For many Kansans, that number feels far away, but the lesson isn’t. The same bad habits that broke Washington—spending too much, saving too little, and putting off tough decisions—are starting to show up here.

Kansas lawmakers have passed one bloated budget after another. They celebrate when the budget gets done on time, but that’s not success if it just means spending more money we don’t have. Passing a budget without discipline is like paying off one credit card with another—it delays the pain but makes things worse later.

According to KPI’s Responsible Kansas Budget 2026, total state spending has climbed almost 40 percent over the past five years. If state government had limited its growth to the rate of population growth plus inflation, as families do when making their own budgets, Kansas could have billions more today for permanent tax relief. Instead, the state keeps adding new programs while keeping old ones, even when they’re no longer needed.

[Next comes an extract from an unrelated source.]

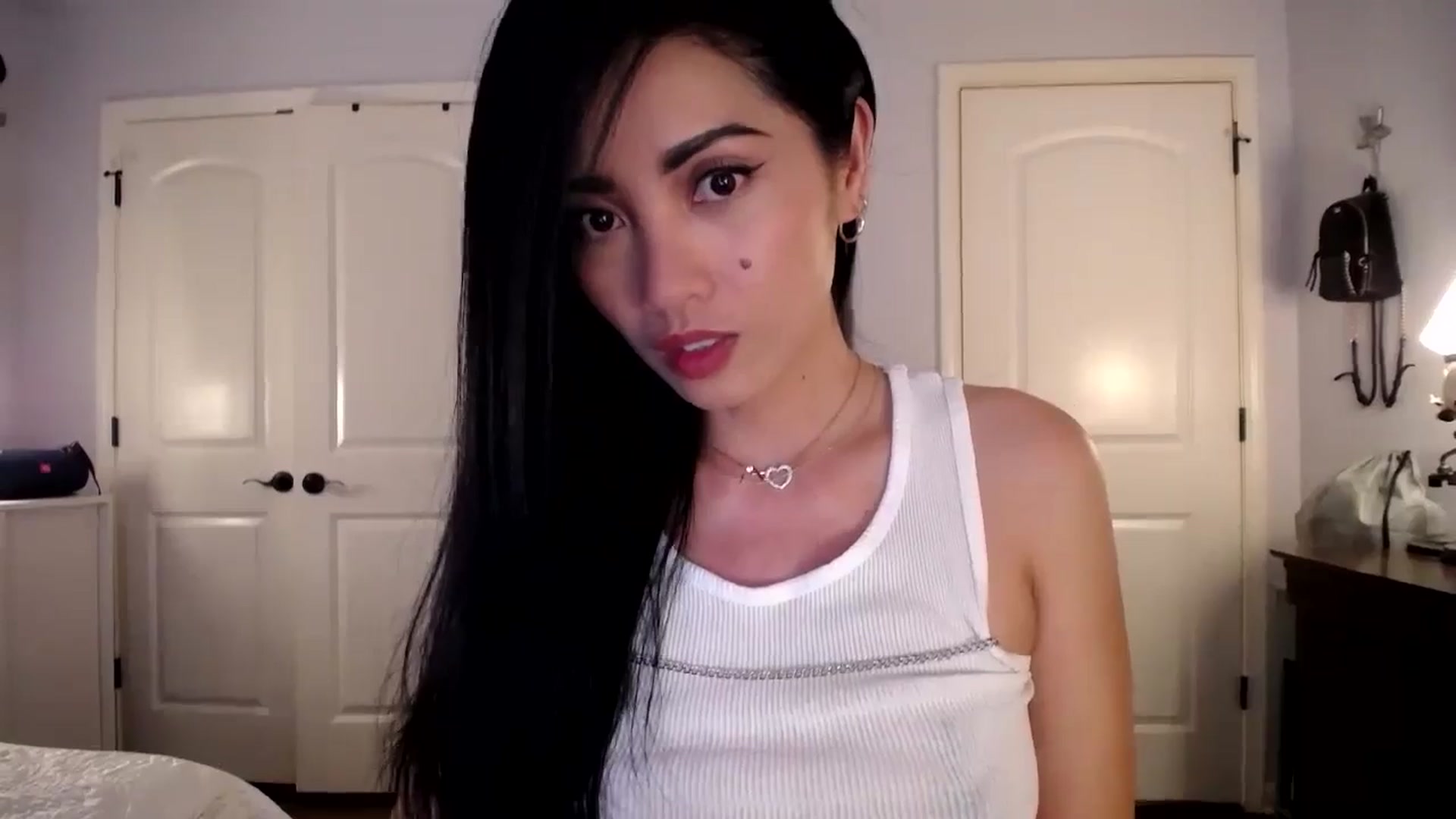 Gallery image thumbnail from AsianLuv_4U's myfreecams stream on, 08/25/2025, 18:23 image 2 of 20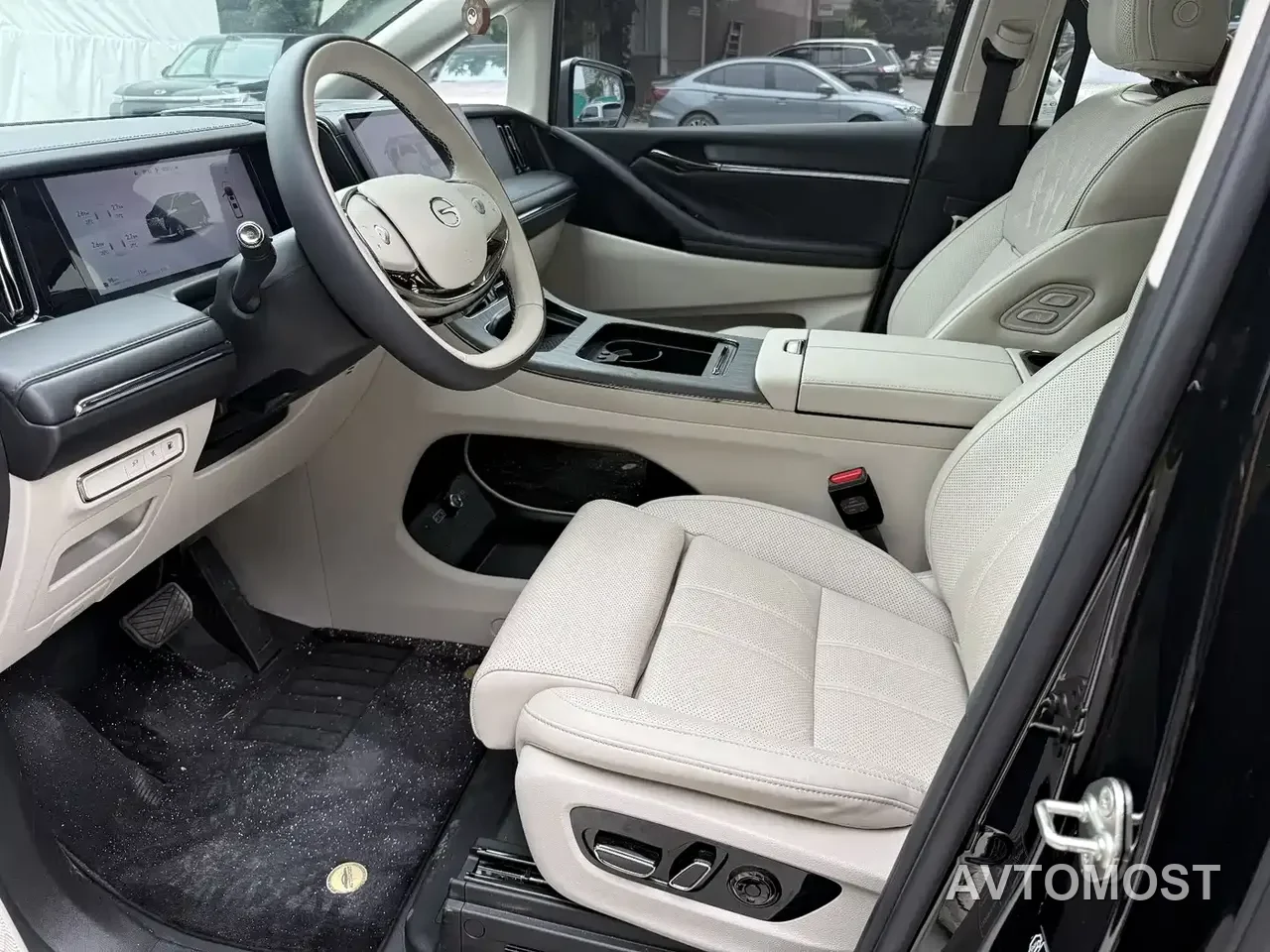 GAC Trumpchi Xiangwang M8 2025 Model QianKun Series Ultra First Class — фото 12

That’s how Washington operates—funding the same projects year after year with no accountability. Kansas can’t afford to make the same mistake. When the government grows faster than the average taxpayer can afford it, the burden lands squarely on Kansans.

Every Kansan knows what it means to tighten their belt when times get tough. State government should do the same. A responsible budget means setting clear priorities, eliminating waste, and keeping spending growth below what taxpayers can support. The rule is simple: if spending goes up faster than population and inflation, it’s too much.

Kansas also needs to stop treating every surplus as free money to spend. That’s similar to how Washington got into this mess. When revenues are strong, lawmakers should focus on cutting taxes so families can keep more of what they earn. Real tax relief—like broad, permanent income tax cuts—creates jobs and strengthens communities. It puts the economy in the hands of Kansans instead of politicians.

Finally, the state needs fewer regulations that get in the way of small businesses, farmers, and local job creators. Reducing red tape helps the economy grow without new spending. When government steps back, people step up.

None of this is complicated. It’s the same common sense Kansans use every day: live within your means, plan ahead, and don’t spend money you don’t have. Unfortunately, Washington has abandoned those values, and the federal shutdown is the result. But Kansas still has a choice.

Instead of copying D.C.’s dysfunction, Kansas can lead by example. Lawmakers can pass a truly responsible budget, return money to taxpayers, and make it easier to start a business or hire a worker. Fiscal discipline isn’t about cutting for the sake of cutting—it’s about giving families the freedom to prosper.

If Kansas acts now, it can show the rest of the country that good government doesn’t require chaos, shutdowns, or debt ceilings. It just requires the courage to say no to overspending and yes to freedom.

The shutdown in Washington should be a warning, not a model. Let’s make Kansas the example of how to do it right: spend less, tax less, regulate less, and let people prosper.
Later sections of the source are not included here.